With her mother’s articulacy, her father’s love of people and her own strong will to succeed, Angela is a good-natured businesswoman and loving mother to Brandon, a 19-year-old student at Alabama A&M University, a historically black college.
“I have been known to debate with my friends who graduated from historically black colleges and universities about the benefits of attending a university such as Carolina,” Angela explains. “Carolina has 4,000 black students. You can have the best of both worlds at Carolina –- a larger college campus with plenty of diversity.”
She originally wished for Brandon to be a Gamecock, but she’s pleased with his decision to be a Bulldog. As long as he’s not the kind of Bulldog that resides in her home state.
“Oh, it gets bad, the rivalry with Georgia,” Angela laughs. “We have so many graduates of SEC schools in Atlanta, and everyone knows not to even get me started about 'my' USC!”
Angela says that she and two of her coworkers at UPS, Jerry Cox, ’73, and Ric Robinson, ’95, are a team of Gamecocks with a strong connection among them.

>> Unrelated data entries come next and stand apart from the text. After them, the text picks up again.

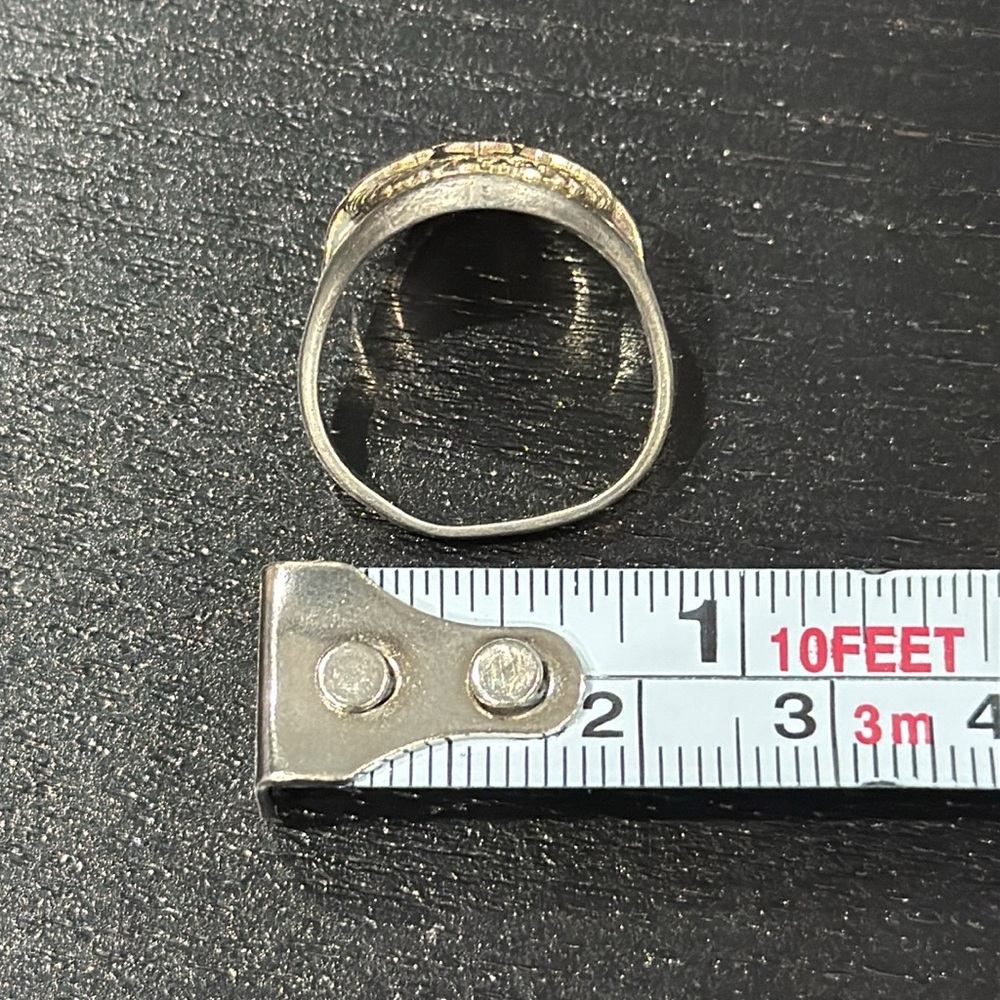 Harley-Davidson Vintage 10K Gold & 925 Silver Harley-Davidson University Ring - Picture 8 of 9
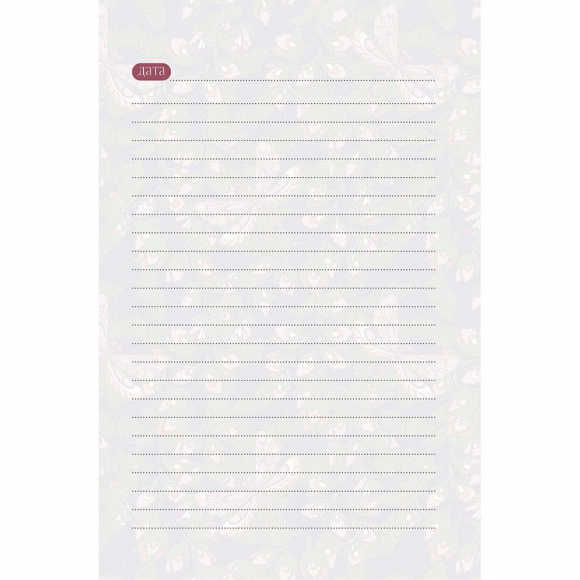 185759_Ежедневник "William Morris Inspiration (мятная с белыми цветами)"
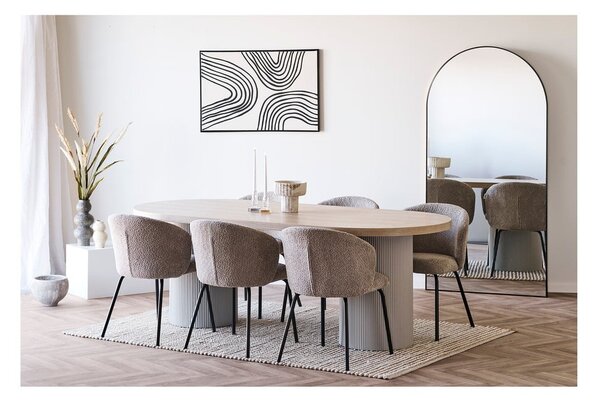 Béžová keramická váza (výška 19,5 cm) Rona – House Nordic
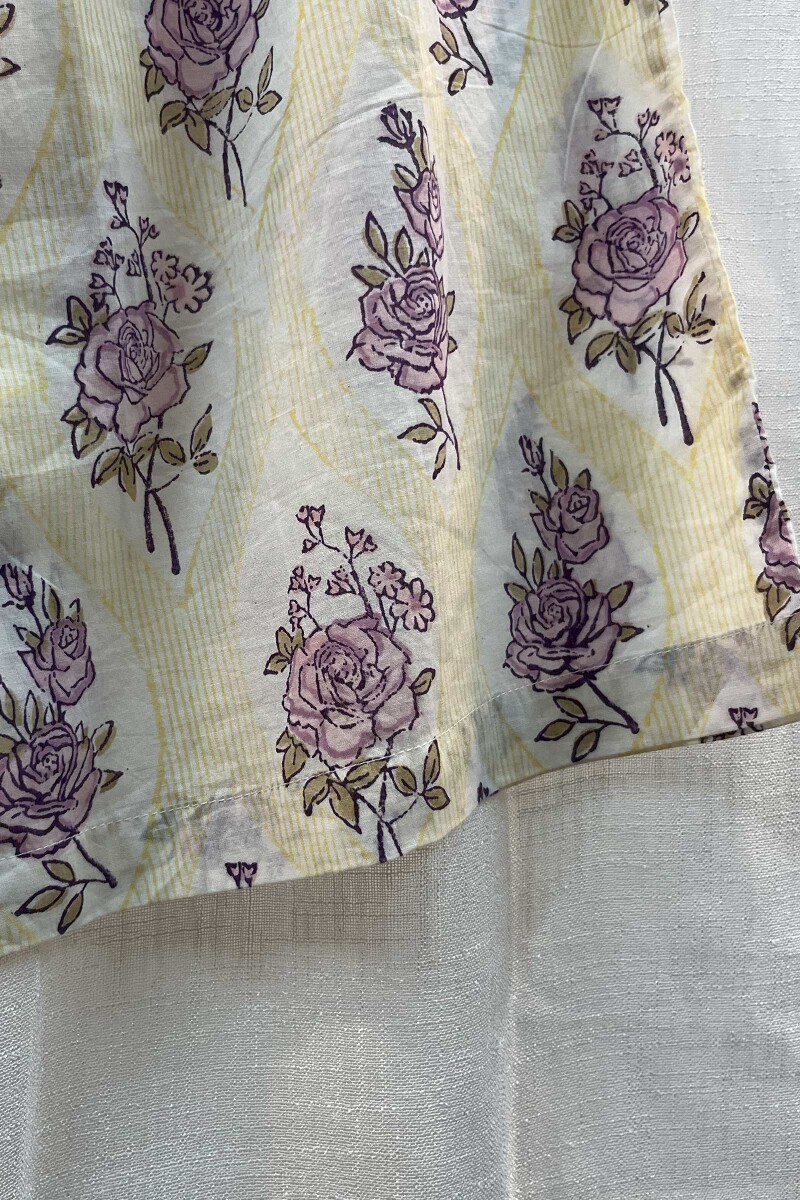 FG Specials: 1 Of 1- Pink Hand Block-Printed Modal Loungewear Set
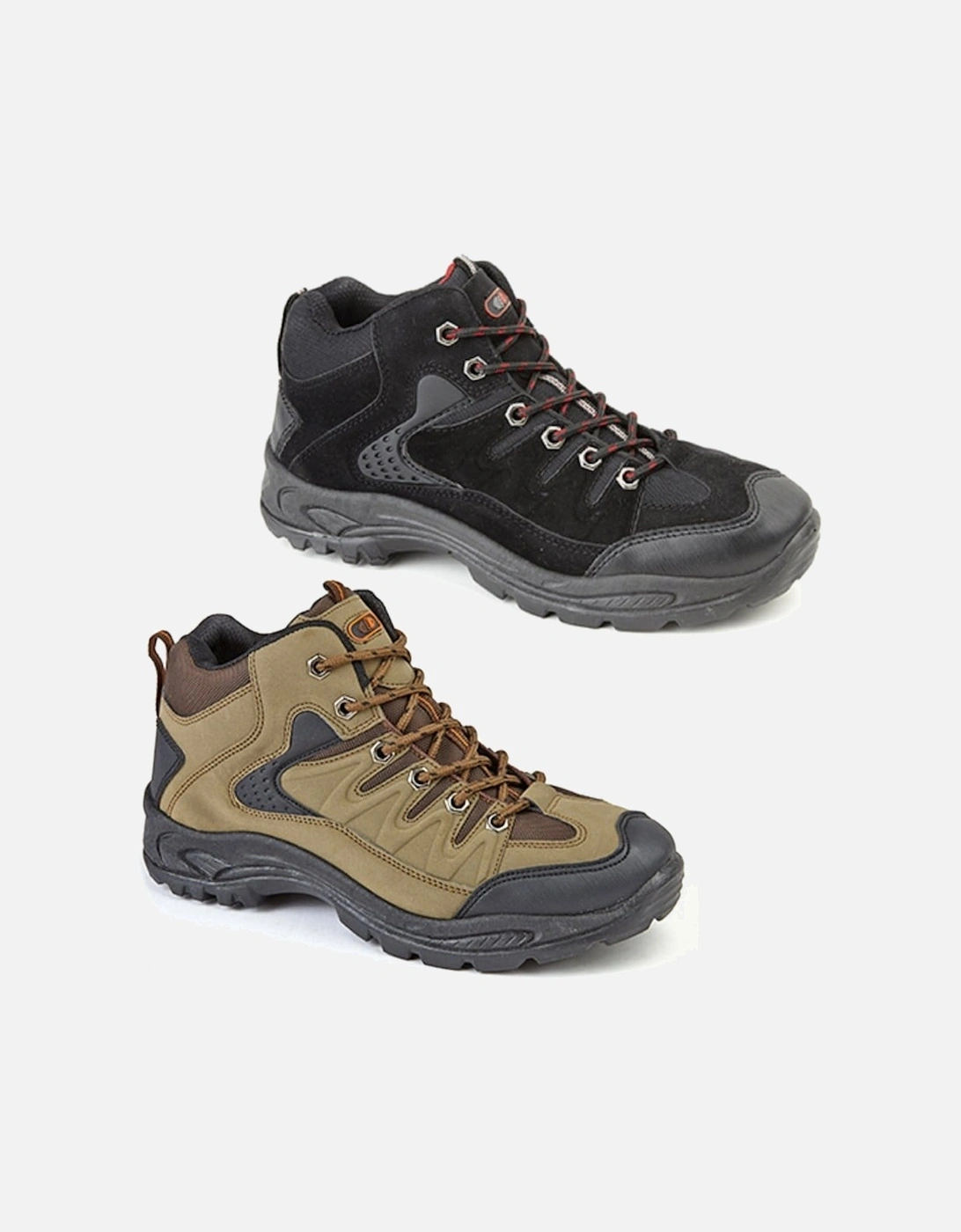 ONTARIO Mens Hiking Boots Khaki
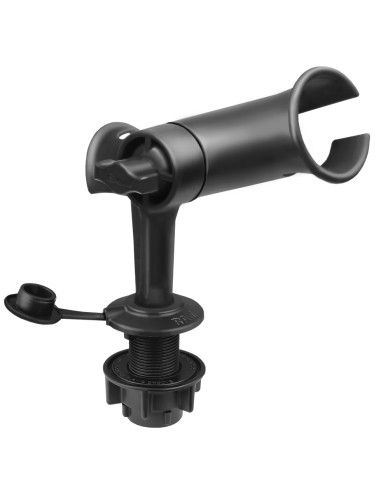 RAM® Tube Jr.T Rod Holder with Round Flush Base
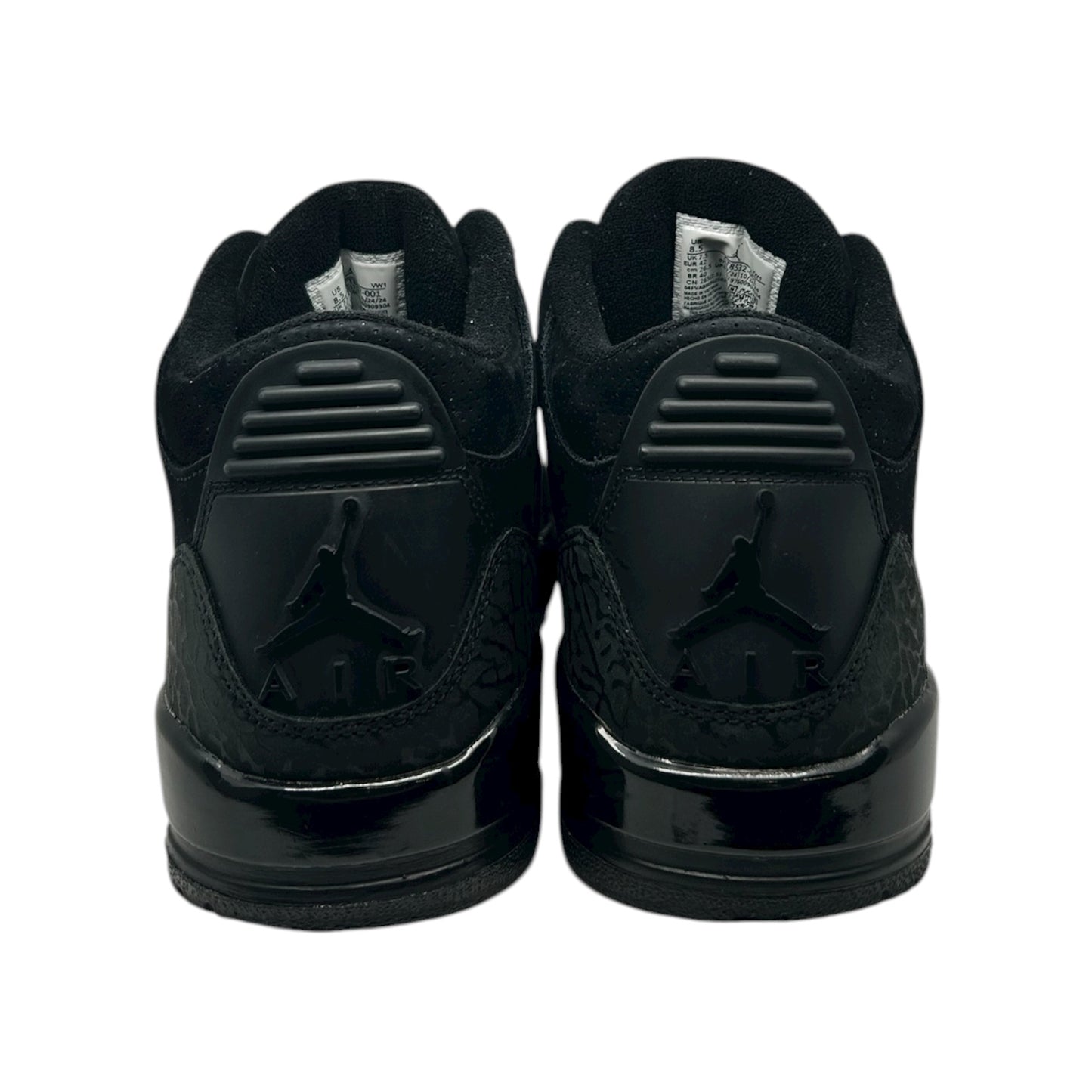 PREOWNED JORDAN 3 BLACK CAT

“It’s really powerful, what I feel for USC. When you get us all together, forget about it!”
Angela has gone so far as to try to sway her friends’ children to Carolina. She makes publicizing Carolina’s virtues a priority in her life, and she’s extremely proud of her association with the University.
“When you have been a part of something that has given you an opportunity to change your life and have a different lifestyle, why wouldn’t you want to share that with others?” she ponders. Angela’s love for Carolina influenced her younger brother, George Muhammad, and sister Zena Jones to also attend USC.
Truly, Angela keeps Carolina close to her always, and she has made a continued commitment to staying close with her Alumni Association by supporting the “My Carolina” membership campaign, as witnessed by her last words as she left the interview: “Have a safe trip back to Columbia, and take care of 'my' Carolina!”